BEGIN Data

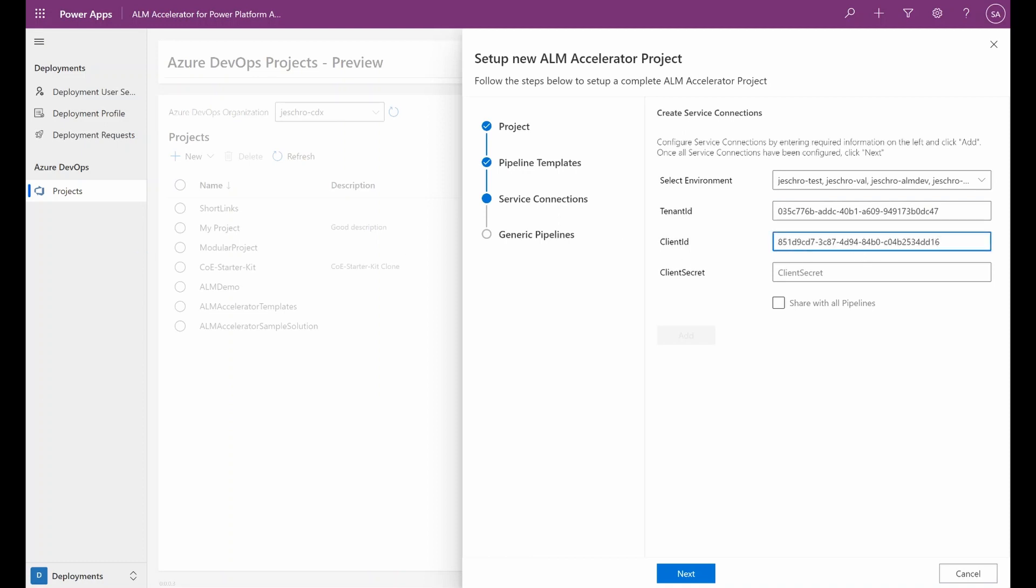And once we've done that, we need to decide whether we want to share these service connections with all pipelines or not. If we do not share with all pipelines, we need to manually authorize the pipelines to use the service connections. We can either do that in ADO after having created the project, or we can do that on the first run of each pipeline that we create.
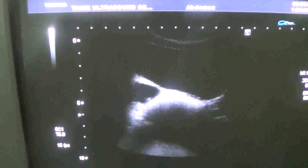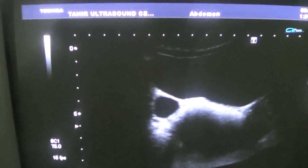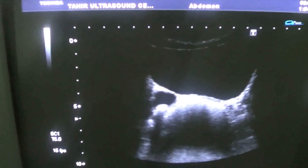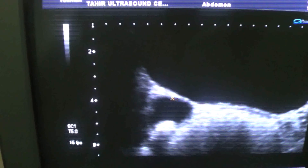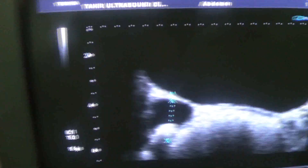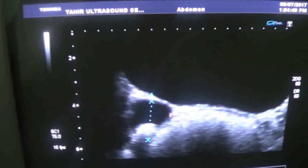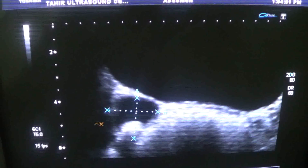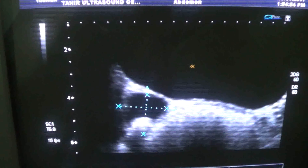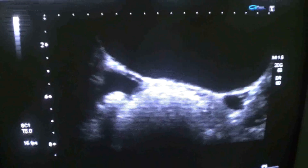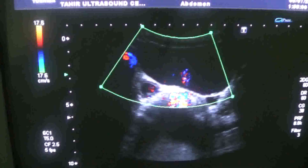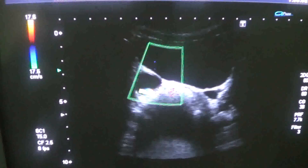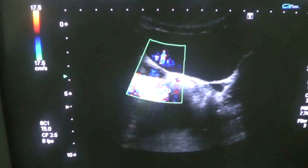Now in transverse section, you can see the dilated distal ureter on the right side, with the calculus within it. This is the urinary bladder. This again gives the twinkling artifact to the ureter.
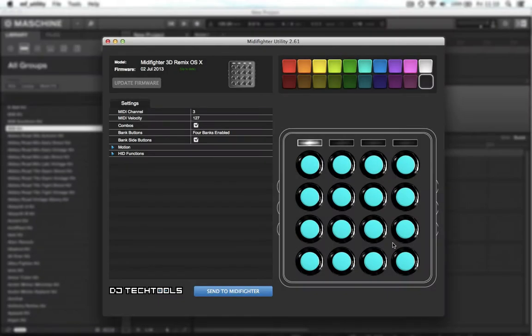Hi, this is Matthias from DJ Tech Tools and in this tutorial I'll walk you through the steps that will enable you to use your MIDI fighter with Maschine.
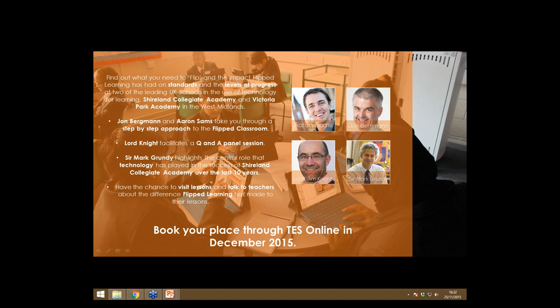We also held family workshops in the schools — we invited parents in, explained the approach to them and what was expected, then did some practical work with devices, getting online and letting parents see the type of tasks their children would be getting at home.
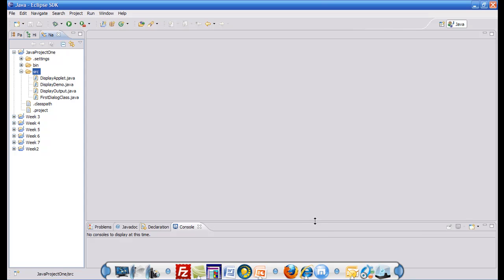As a result, notice that all the files have now been brought under the source folder of the current project. Now I can click and execute the files.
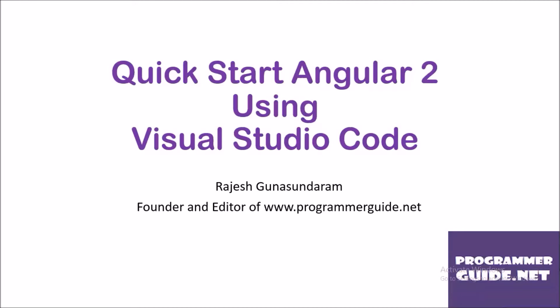Hi, this is Rajesh Gunasundaram, founder and editor of ProgrammerGuide.net. In this session, we are going to discuss quick-starting Angular 2 using Visual Studio Code.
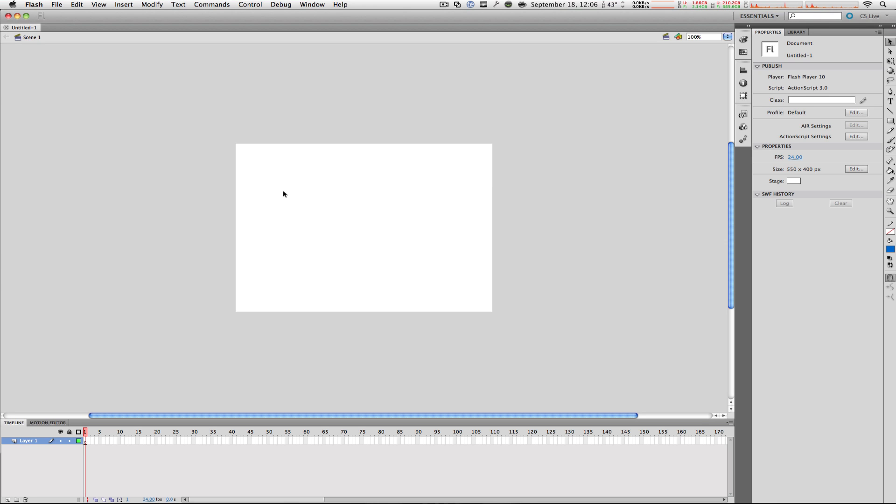Hello ladies and gentlemen and welcome to a brand new series on MacBoy Productions. Yes, today we're gonna be discussing Flash.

END Data

■ Your goal
Please retype every record above exactly, leaving out the pictures.

■ Exercise result
And once we've done that, we need to decide whether we want to share these service connections with all pipelines or not. If we do not share with all pipelines, we need to manually authorize the pipelines to use the service connections. We can either do that in ADO after having created the project, or we can do that on the first run of each pipeline that we create.
Now in transverse section, you can see the dilated distal ureter on the right side, with the calculus within it. This is the urinary bladder. This again gives the twinkling artifact to the ureter.
Hi, this is Matthias from DJ Tech Tools and in this tutorial I'll walk you through the steps that will enable you to use your MIDI fighter with Maschine.
We also held family workshops in the schools — we invited parents in, explained the approach to them and what was expected, then did some practical work with devices, getting online and letting parents see the type of tasks their children would be getting at home.
As a result, notice that all the files have now been brought under the source folder of the current project. Now I can click and execute the files.
Hi, this is Rajesh Gunasundaram, founder and editor of ProgrammerGuide.net. In this session, we are going to discuss quick-starting Angular 2 using Visual Studio Code.
Hello ladies and gentlemen and welcome to a brand new series on MacBoy Productions. Yes, today we're gonna be discussing Flash.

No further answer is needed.